The input -
******************************

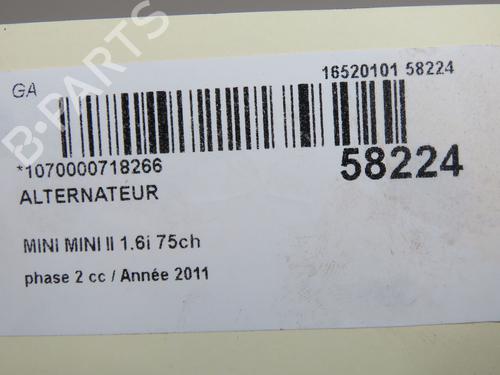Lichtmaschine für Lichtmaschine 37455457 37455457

******************************

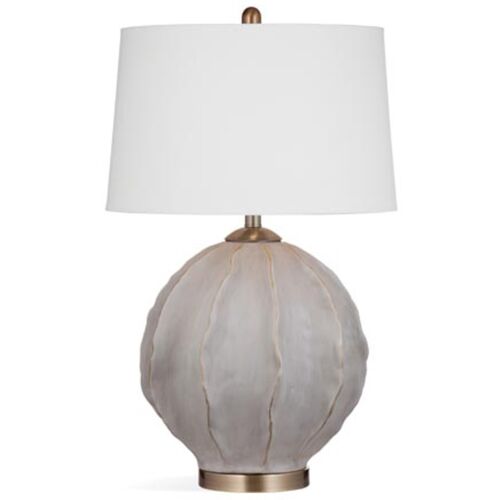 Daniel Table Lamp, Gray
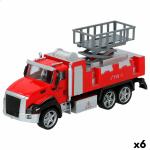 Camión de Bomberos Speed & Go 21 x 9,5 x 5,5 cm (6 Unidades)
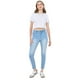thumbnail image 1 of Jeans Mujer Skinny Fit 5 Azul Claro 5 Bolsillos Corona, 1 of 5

******************************

What the task asks -
"Daniel Table Lamp, Gray" marks the first line to copy, and "thumbnail image 1" marks the last. Repeat that stretch above exactly, with no pictures.

Expected answer -
 Daniel Table Lamp, Gray
 Camión de Bomberos Speed & Go 21 x 9,5 x 5,5 cm (6 Unidades)
thumbnail image 1 of Jeans Mujer Skinny Fit 5 Azul Claro 5 Bolsillos Corona, 1 of 5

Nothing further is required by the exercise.